To Compton, murder is an art. Since he was thirteen, he would imagine himself dead, using make-up to enhance the effect. He uses this talent to feign his own death so he can escape from prison. He then goes to the United States, where he meets Byrne, based in part on Jeffrey Dahmer. Together they pick out the perfect victim.
This story is filled with graphic descriptions of the dismemberment and decomposition of bodies. Brite was clearly (and admittedly) inspired by Nilsen's long and detailed account of his techniques. Her own killer, age 33, killed twenty-three boys and young men between 1977 and 1988. (Nilsen himself said that had he not been arrested, he would have continued what he was doing and might have left thousands of corpses.)
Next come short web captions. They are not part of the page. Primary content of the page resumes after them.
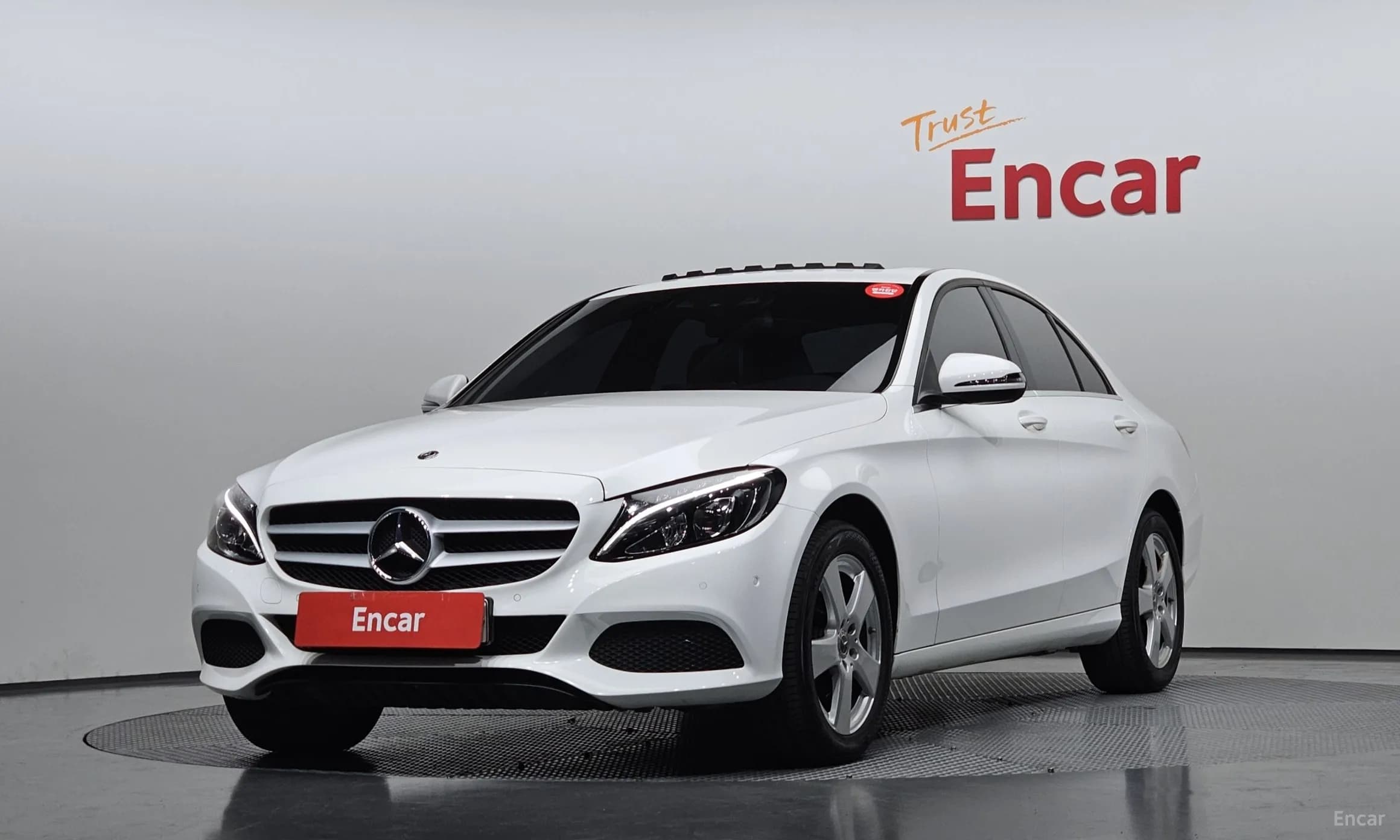 C-Class W205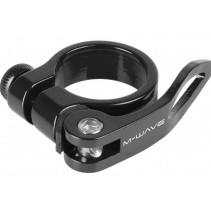 COLLIER SELLE ALU NOIR QR 34,9 - C7302041 - 0887539016166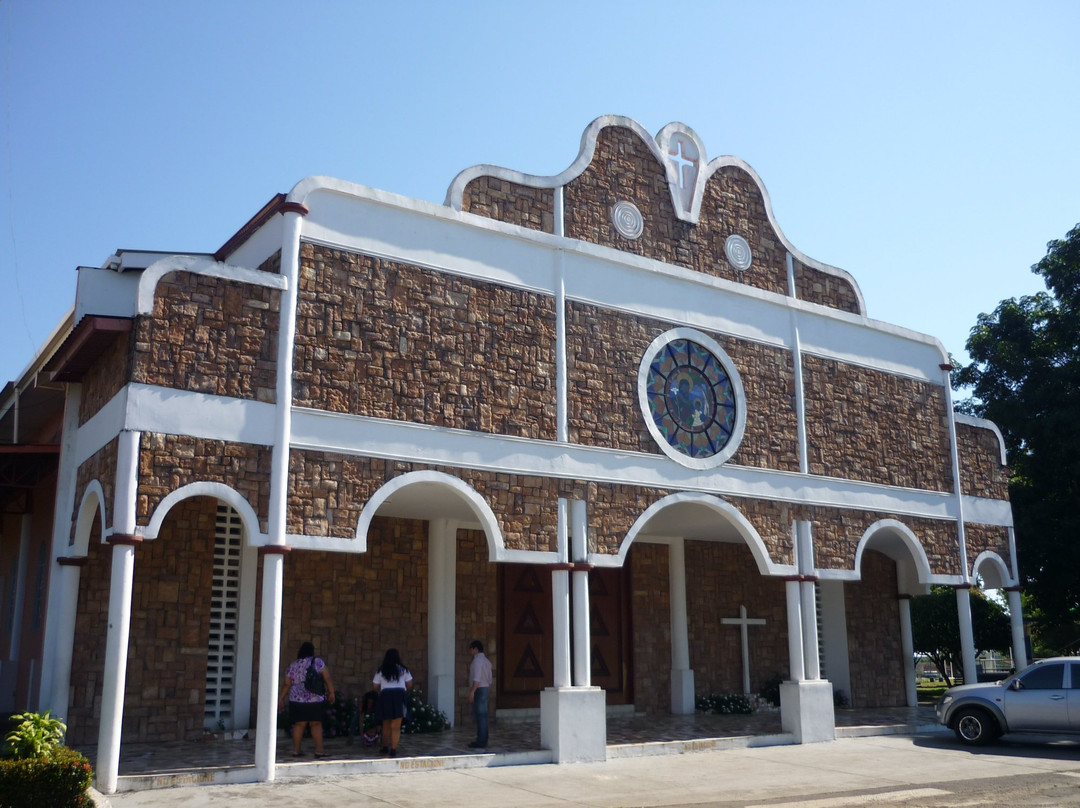 Catedral de San Jose de David-大卫市必去景点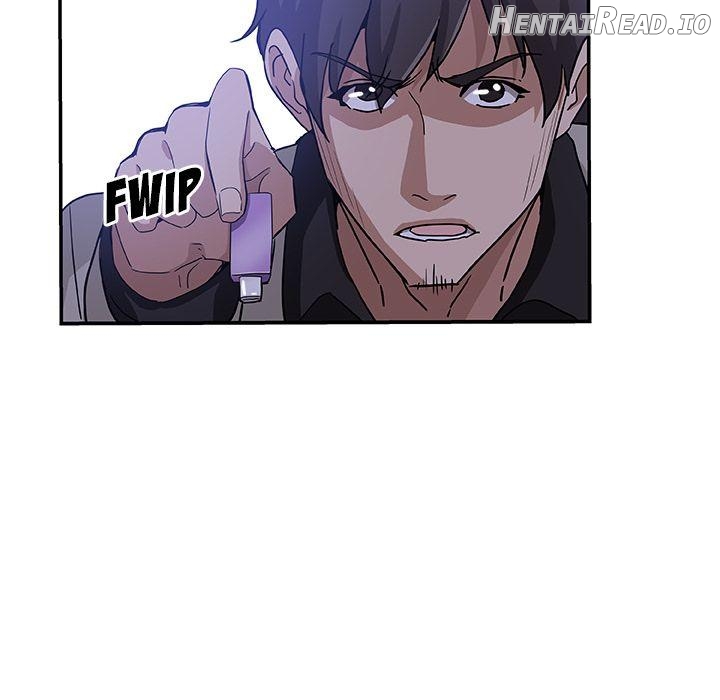 Missing Nine Chapter 28 - page 49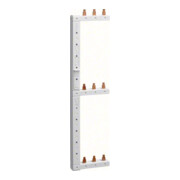 Hager Barrette de phase 3P 3 rangées gauche KCL368L-1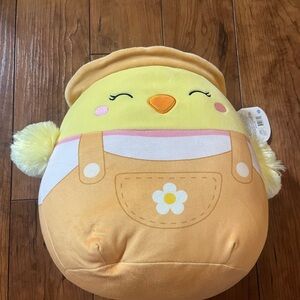 Squishmallows Aimee the Chick Plush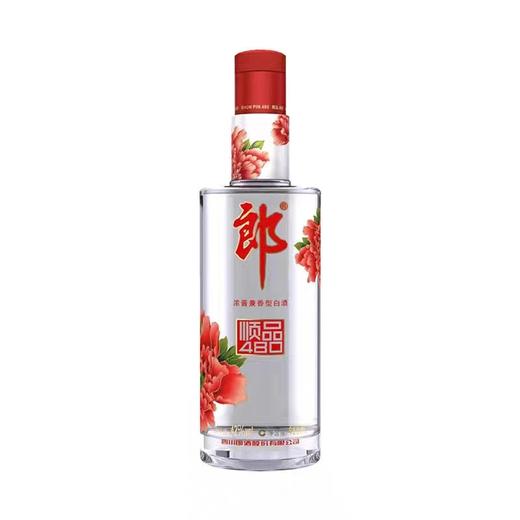 郎酒 顺品郎45℃红顺480ml 商品图0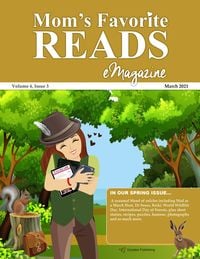 Produktbild: Mom's Favorite Reads eMagazine March 2021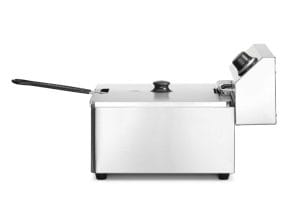 Frityrkoker Kitchen Line – 4L, HENDI, Kitchen Line, 4L, 230V/3000W, 218x380x(H)310mm Frityr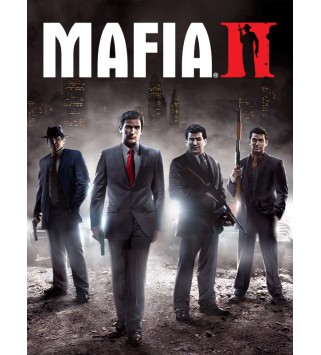 Mafia II Directors Cut GOG.com Key GLOBAL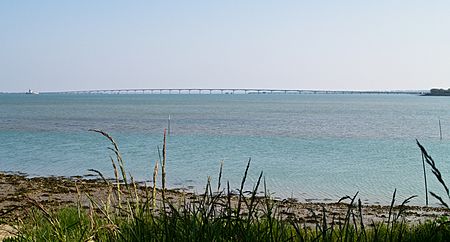 Oleron pont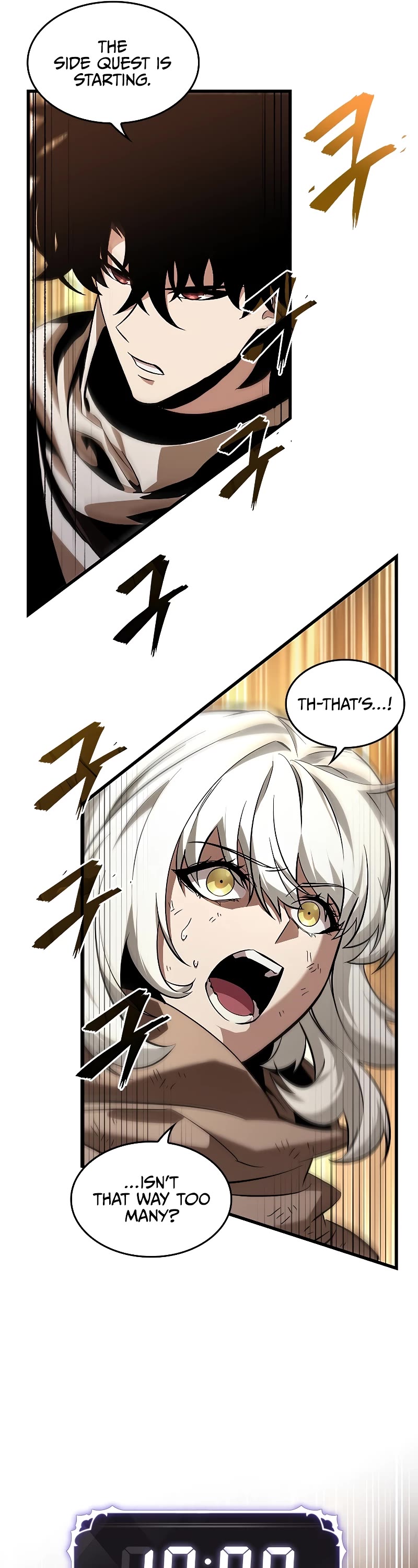 Read Pick Me Up! EN Manga Online
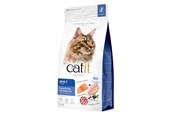 Katzen - Catit - Recipes cats dry food - Adult - Poultry & Fish - 2 kg - 44510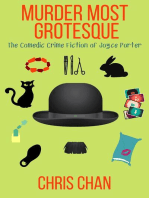 Murder Most Grotesque: The Comedic Crime Fiction of Joyce Porter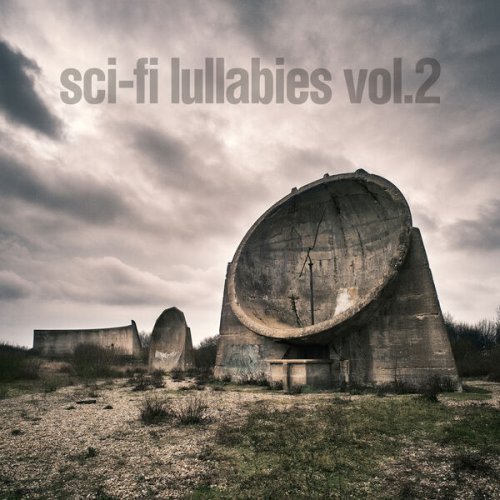 Suede - Sci-Fi Lullabies Vol. 2 (2025) [Hi-Res]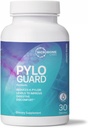 Microbiome Labs PyloGuard - Patentert L reuteri DSM17648 for å forbedre Digestive Comfort - Gut Helse og immunstøtte Supplement - Postbiotiske (30 kapsler)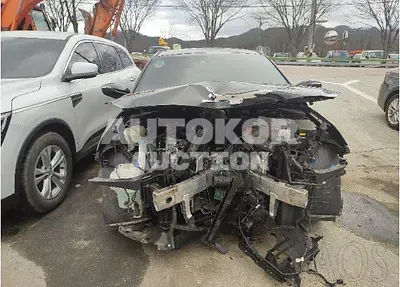 2020, Hyundai / Ioniq, VIN: KMHC851CGLU192660, 91147 км., hybrid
Like Nilsen, his victims were transients, and he would take care of them in such a way as to make them pliable. Also like Nilsen, he enjoyed the act of murder ('though he chose the knife), but he did not much care for the necessary dismemberment afterward. He kept them in his flat for as long as a week, and he did not mind the odor of death. He wanted them with him so he would not feel alone. "A corpse could never walk away," he says. As he cut them up, he drank alcohol, just like Nilsen, and after he was incarcerated, he filled numerous notebooks with his introspection and recollections. Although Compton is much more of a predator than Nilsen, his psychology owes its inspiration to his real life counterpart.